Could you copy exactly the lines below, beginning at the line with "Högt ovan himmelens" and stopping after the line with "Andre John Paul's photo", with no pictures?

● Information shown:
• • • • • • •
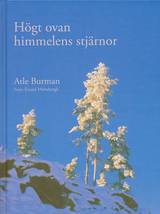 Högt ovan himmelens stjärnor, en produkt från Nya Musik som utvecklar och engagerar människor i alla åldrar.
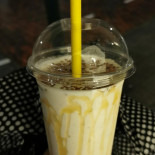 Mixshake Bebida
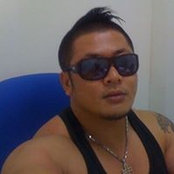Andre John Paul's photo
• • • • • • •
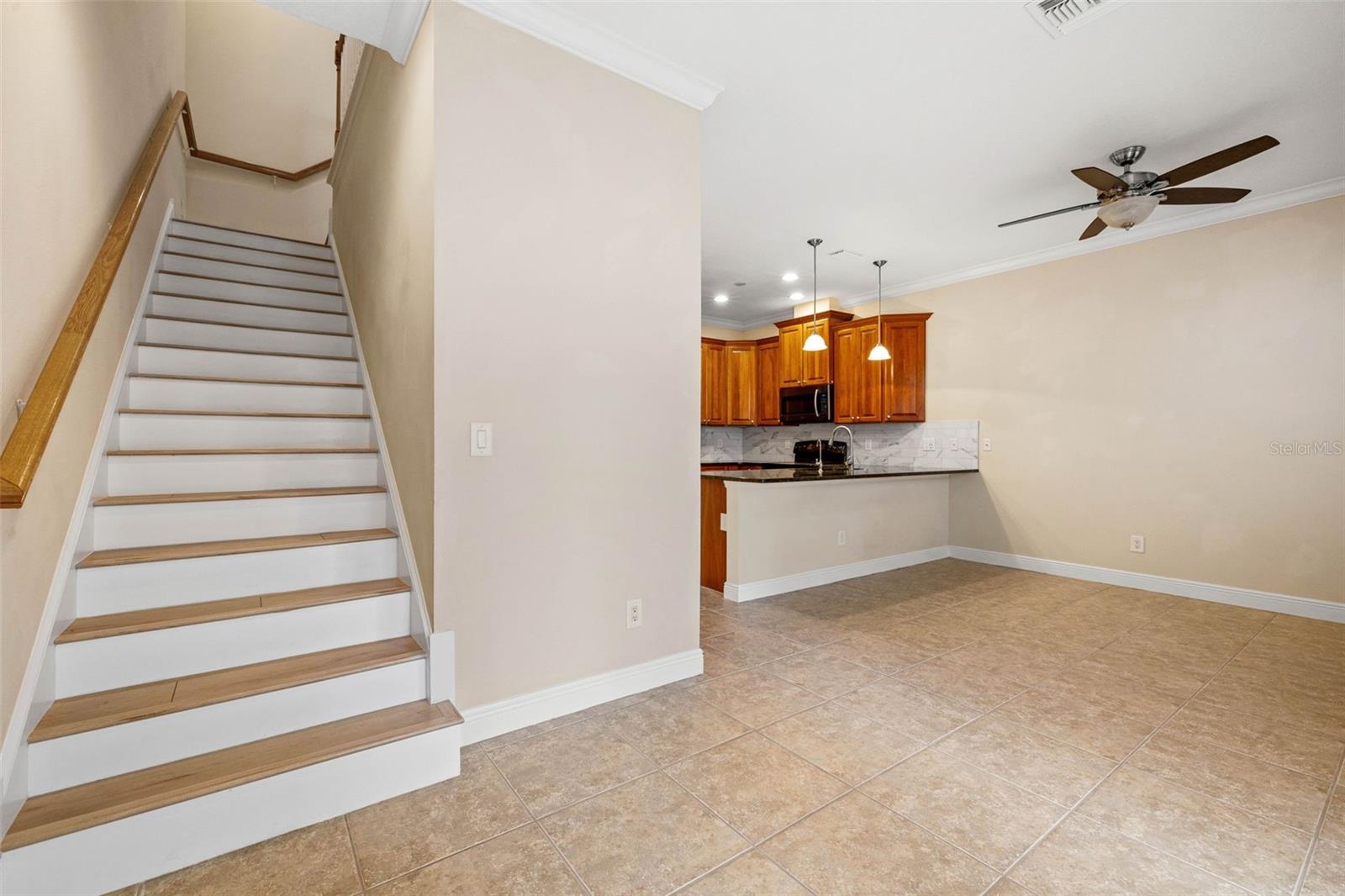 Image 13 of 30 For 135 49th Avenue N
• • • • • • •
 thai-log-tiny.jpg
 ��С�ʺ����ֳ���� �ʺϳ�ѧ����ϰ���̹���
• • • • • • •
● Output of the exercise:
 Högt ovan himmelens stjärnor, en produkt från Nya Musik som utvecklar och engagerar människor i alla åldrar.
 Mixshake Bebida
Andre John Paul's photo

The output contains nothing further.